Перед отъездом на вокзал я пообедал с Челноковым, только что назначенным комиссаром Москвы. Он нарисовал мне картину того, что я могу встретить там. Его собственное положение становилось невыносимым. Он признался, что не мог надеяться на успех при новых выборах, проводимых теперь на основе всеобщего голосования для каждой городской думы и земства России. Царствование Львова, говорил он, продлится не дольше моего.
Флегматик, каких мало, он говорил без злобы и предубеждения. Я чувствовал его правоту. «Свободная демократия» (как потом издевались большевики над лозунгами первой революции) уже не годилась для либеральных вождей, годами восклицавших: «Верю в народ!»
Я разыскал князя Львова в Таврическом дворце среди неописуемого хаоса. Он председательствовал на заседании кабинета министров. Секретари непрерывно врывались в его кабинет с бумагами для подписи или наложения резолюции. Он начинал говорить со мной, но в это время звонил телефон. В коридоре его ждали делегаты с фронта, из деревни, бог весть откуда еще. И в этой беспокойной, торопливой суматохе не было никого, кто бы мог защитить премьер-министра или снять часть забот с его плеч.
Казалось, что все стараются заниматься неопределенным делом, чтобы избежать ответственности. Я пожалел, что здесь нет мисс Стевенсон, которая послала бы всю кучу делегаций к черту и навела бы в этом содоме какой-то порядок.
Разговор велся урывками. Наконец он прервал его.
— Видите, что делается, — сказал он, — мы выбиваемся из сил, но ведь дел масса. Приходите ко мне на квартиру сегодня в двенадцать часов вечера.

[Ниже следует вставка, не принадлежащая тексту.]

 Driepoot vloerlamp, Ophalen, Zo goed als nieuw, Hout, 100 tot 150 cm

Князь погладил свою седую бороду и посмотрел на меня со слабой улыбкой. Он казался усталым и изнуренным, а глаза его, и в обычное время маленькие, почти исчезли за ресницами. За две недели он постарел на десять лет. Человек большого обаяния, он был бы превосходным председателем Совета Лондонского графства. Он был идеальным председателем земского союза, но он не годился для революционного премьер-министра. Я сомневаюсь, смог бы кто-нибудь из его класса удержаться в то время на его месте. Естественный ход событий не терпит никакого вмешательства в свои процессы, а время диктаторов еще не пришло или уже миновало.

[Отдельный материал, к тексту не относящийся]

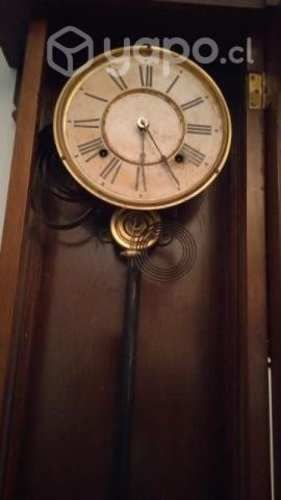 Antiguo reloj año 1800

Я был у Львова — скромная квартира из двух комнат, где он жил с того самого дня, когда приехал из Москвы принять бразды правления. Он был в том же костюме, дорожный мешок все еще стоял в передней. У меня сердце разрывалось, глядя на него. Он казался таким одиноким и покинутым. Как всегда, он говорил немного отрывисто и односложно. Он был скромен и, вопреки аристократической фамилии, больше походил на деревенского доктора, чем на аристократа. На мало его знающих он производил впечатление хитреца — исключительно благодаря своей застенчивости. С теми, кому он доверял, он был откровенен и прост — он не скрывал своих страхов и опасений. Россия переживает, но… Россия будет воевать, но… все, что он говорил, сводилось к признанию собственной слабости.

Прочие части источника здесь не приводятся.